Il genocidio dei polacchi ha anche un altro terribile aspetto. I villaggi polacchi dove i nazionalisti ucraini perpetrarono la pulizia etnica furono spesso incendiati e sparirono dalla faccia della terra, ricoperti di boschi e campi. I polacchi assassinati furono sepolti principalmente in fosse comuni e sono sepolti ancora lì, senza essere identificati, senza avere una vera tomba. I pochi sopravvissuti ai massacri hanno sempre richiesto alle autorità ucraine di poter disseppellire dalle fosse comuni i loro cari per dare loro una degna sepoltura. Ma le autorità ucraine hanno sempre negato il permesso, anche quando le richieste sono state fatte dalle autorità polacche, compreso l’Istituto della Memoria Nazionale, oggi diretto da Nawrocki.
Qualche volta i politici ucraini si sono detti disposti a fare delle concessioni su alcune esumazioni di vittime polacche, chiedendo in cambio alla parte polacca di commemorare i soldati dell'Upa morti sul territorio polacco. Richiesta assurda e cinica, perché significa chiedere alla Polonia di commemorare gli autori degli eccidi dei polacchi. Come se le autorità slovene o croate pretendessero dall’Italia di commemorare gli aguzzini comunisti agli ordini di Tito per poter estrarre i corpi degli italiani dalle foibe.
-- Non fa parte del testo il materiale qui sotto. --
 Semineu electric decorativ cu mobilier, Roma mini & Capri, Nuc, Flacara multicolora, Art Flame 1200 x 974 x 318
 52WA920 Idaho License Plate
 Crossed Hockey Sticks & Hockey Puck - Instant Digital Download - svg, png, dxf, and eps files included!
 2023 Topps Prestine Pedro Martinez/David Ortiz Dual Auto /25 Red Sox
L’errata politica storica ucraina che continua a richiamarsi alle tradizioni dei nazionalisti dell'Oun-Upa fa sì che i politici abbiano paura di ciò che potrebbe emergere durante i lavori di riesumazione. E la loro paura è giustificata, perché durante i lavori di riesumazione si scoprirebbe che gli aguzzini ucraini agirono con una crudeltà inimmaginabile. Allora ha ragione Nawrocki: se gli ucraini non risolveranno i problemi legati alle pagine nere del loro passato, se non ripudieranno certi loro “eroi nazionali”, difficilmente potranno essere accettati nell'Ue.